Il faudra les surréalistes pour délivrer l’auteur des Illuminés d’un malentendu. Errance, amour, souvenir composent les thèmes dominants de son œuvre, comme le montre Michel Brise dans les introductions des deux volumes publiés au Livre de Poche, auxquels il faut joindre les ? Aurélia et Sylvie.
Gérard de Nerval mêle prose et poésie, voire, prose, théâtre et poésie. Comment comprendre le titre des Filles du feu? Une hypothèse séduisante évoque un passage de Histoire de France” de Jules Michelet, relatif au feu allumé par les anciens Irlandais en l’honneur du dieu Beal : “Le feu fut entretenu par des vierges, souvent de qualité, appelées filles du feu ou “gardiennes du feu”, ce qui fait les confondre avec les nonnes de sainte Brigitte”.

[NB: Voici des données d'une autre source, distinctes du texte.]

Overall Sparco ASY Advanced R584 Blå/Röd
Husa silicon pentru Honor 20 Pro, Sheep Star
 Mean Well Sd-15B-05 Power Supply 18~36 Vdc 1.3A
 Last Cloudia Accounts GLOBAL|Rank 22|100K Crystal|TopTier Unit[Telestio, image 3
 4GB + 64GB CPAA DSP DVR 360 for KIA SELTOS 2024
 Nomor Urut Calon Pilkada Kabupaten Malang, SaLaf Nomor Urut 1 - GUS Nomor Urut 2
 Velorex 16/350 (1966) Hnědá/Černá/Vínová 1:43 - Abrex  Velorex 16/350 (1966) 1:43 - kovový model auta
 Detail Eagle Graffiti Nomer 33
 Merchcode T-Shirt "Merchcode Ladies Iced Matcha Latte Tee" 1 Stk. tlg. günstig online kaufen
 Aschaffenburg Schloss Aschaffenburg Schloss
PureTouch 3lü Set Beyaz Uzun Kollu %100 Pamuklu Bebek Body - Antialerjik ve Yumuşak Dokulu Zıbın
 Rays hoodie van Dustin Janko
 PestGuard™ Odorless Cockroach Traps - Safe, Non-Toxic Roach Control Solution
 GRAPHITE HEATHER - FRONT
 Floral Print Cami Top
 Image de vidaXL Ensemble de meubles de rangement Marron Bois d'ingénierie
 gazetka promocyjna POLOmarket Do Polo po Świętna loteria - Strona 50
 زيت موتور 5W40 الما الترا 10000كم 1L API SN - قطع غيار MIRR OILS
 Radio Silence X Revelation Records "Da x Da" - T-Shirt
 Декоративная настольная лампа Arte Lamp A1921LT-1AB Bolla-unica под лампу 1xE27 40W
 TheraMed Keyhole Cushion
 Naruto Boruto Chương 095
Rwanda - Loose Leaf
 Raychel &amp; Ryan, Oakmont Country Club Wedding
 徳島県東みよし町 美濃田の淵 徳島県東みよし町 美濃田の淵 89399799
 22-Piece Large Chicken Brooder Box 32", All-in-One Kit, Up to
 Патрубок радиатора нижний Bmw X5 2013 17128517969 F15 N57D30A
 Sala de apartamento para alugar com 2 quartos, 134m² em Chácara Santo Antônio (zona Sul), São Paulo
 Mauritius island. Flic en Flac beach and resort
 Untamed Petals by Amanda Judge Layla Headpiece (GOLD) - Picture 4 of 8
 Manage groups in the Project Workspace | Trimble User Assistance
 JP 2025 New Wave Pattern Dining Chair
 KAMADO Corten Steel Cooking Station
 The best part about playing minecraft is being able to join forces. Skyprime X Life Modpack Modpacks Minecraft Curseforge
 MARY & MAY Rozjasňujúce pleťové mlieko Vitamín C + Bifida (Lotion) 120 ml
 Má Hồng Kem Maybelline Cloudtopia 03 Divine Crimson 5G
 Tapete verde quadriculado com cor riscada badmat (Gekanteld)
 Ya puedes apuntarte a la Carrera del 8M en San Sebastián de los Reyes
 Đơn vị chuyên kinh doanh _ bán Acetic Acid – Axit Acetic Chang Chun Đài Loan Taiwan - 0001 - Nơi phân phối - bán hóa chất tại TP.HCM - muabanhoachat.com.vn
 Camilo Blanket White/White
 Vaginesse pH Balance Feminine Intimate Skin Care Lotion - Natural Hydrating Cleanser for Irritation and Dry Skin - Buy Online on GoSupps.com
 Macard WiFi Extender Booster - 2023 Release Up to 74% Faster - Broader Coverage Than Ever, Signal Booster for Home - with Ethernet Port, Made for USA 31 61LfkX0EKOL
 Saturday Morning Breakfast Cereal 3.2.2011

Une grande part de fascination exercé par “Les filles du feu” tient aussi à la présence des douze sonnets des “Chimères” en fin de volume. Poèmes magiques, ésotériques, maintes fois commentés, notamment dans l’excellente édition, critique des classique Garnier. Nerval explique dans Sylvie, qu’il a essayé de fixer : “Les Chimères qui charment et égarent au matin de la vie”.